Each cylinder that was converted into an improvised device might be around 4-5 kg in weight, and to place such bombs in the complex fitted with CCTV cameras would have required a group to carry out the task, they added.

Help from ‘insiders’

Pointing out that these bombs might have been carried in big bags or cartons, sources said probe agencies were also looking at involvement of “insiders” who might have helped terrorists to take inside the temple complex these bombs by hoodwinking private security guards deployed by the temple management.

Referring to security lapse and lack of preparedness on part of the authorities concerned, a senior MHA official said Bodh Gaya was the target of the terrorists and the Centre had repeatedly alerted the Bihar government, the last one being on July 2. But the Bihar police failed to come up with a security plan with the temple management to avert the blasts, he added.

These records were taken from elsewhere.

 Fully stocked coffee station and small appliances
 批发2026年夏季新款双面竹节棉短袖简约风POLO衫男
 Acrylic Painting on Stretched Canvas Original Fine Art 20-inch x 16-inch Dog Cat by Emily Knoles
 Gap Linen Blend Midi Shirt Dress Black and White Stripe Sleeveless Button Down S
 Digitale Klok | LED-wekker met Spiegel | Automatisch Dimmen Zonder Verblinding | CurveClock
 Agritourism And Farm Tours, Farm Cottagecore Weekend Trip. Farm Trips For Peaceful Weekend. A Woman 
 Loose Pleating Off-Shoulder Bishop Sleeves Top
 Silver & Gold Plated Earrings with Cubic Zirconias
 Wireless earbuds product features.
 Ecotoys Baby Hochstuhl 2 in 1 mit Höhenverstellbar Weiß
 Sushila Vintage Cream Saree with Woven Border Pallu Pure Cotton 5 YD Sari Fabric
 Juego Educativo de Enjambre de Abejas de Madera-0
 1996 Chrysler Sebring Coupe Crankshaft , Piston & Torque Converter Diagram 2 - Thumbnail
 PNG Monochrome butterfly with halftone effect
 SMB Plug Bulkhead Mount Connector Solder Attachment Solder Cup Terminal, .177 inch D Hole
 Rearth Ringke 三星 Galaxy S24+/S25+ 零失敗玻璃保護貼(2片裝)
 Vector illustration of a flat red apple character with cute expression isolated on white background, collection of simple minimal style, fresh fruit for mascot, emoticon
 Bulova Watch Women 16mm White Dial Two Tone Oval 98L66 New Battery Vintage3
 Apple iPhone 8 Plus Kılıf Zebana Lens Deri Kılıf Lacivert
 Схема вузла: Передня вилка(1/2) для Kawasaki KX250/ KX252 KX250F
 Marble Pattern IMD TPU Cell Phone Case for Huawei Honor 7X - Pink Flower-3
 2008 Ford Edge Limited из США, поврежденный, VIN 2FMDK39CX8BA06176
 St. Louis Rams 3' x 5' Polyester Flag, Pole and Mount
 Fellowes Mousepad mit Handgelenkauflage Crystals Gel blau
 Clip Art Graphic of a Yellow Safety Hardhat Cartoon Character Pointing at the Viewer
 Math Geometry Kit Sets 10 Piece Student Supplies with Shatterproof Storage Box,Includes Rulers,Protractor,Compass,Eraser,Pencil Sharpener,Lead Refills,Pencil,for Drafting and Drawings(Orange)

NIA still assisting police

Meanwhile, the National Investigation Agency has not yet taken over the probe and is still assisting the Bihar police in investigations. The MHA official also said the Union Home Ministry was yet to receive a formal request from the Bihar government for providing Central Industrial Security Force security cover for the temple complex. “When we receive the request, the Home Ministry will certainly consider it,” the official added.

Referring the issue of the National Counter Terrorism Centre (NCTC) that has been hanging fire due to opposition from non-Congress ruled States, including Bihar, the official hoped that Chief Minister Nitish Kumar might now soften his stand and support the agency that would help fight terrorism in a better way. “The delay in setting up of NCTC will continue to hamper the government’s anti-terror initiatives. The sooner those oppose it realise its importance, the better for the country,” the official added.